*** Opening Data records ***

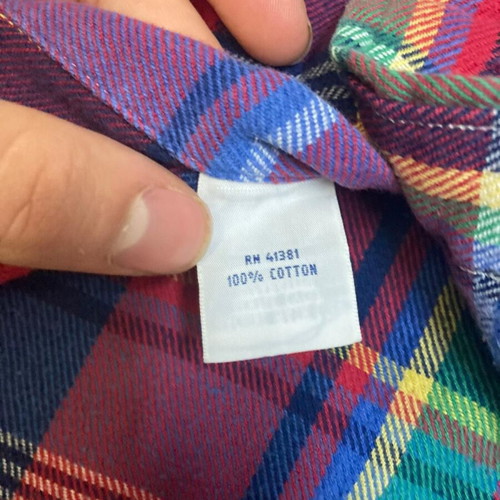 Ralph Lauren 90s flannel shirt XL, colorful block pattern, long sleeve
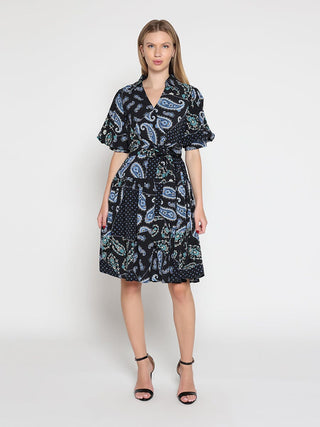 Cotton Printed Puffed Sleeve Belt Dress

*** Closing Data records ***
*** Opening Data records ***

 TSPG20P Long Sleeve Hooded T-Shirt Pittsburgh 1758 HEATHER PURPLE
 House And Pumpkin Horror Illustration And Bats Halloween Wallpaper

*** Closing Data records ***
*** Opening Data records ***

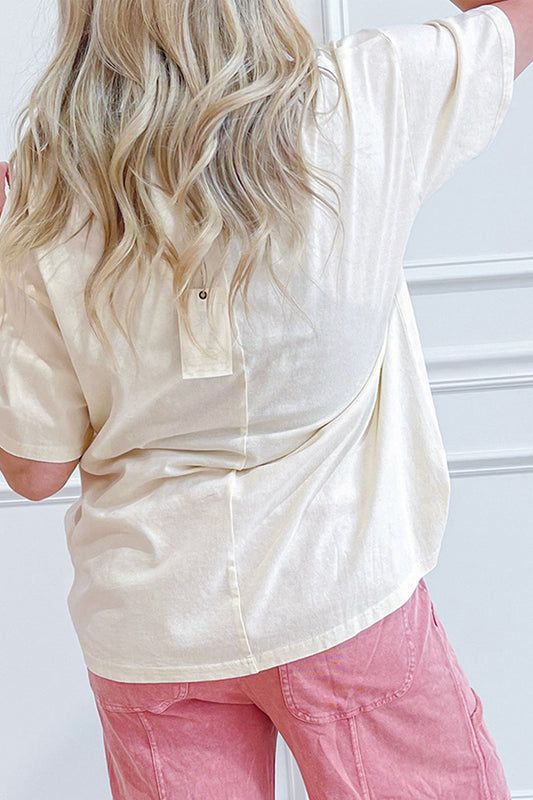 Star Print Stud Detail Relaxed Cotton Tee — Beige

*** Closing Data records ***

Only the lines of the listing above from the one with "Ralph Lauren 90s" through the one with "Cotton Printed Puffed Sleeve Belt Dress" should be output, exactly, with both ends kept and pictures left out.

 Ralph Lauren 90s flannel shirt XL, colorful block pattern, long sleeve
 Cotton Printed Puffed Sleeve Belt Dress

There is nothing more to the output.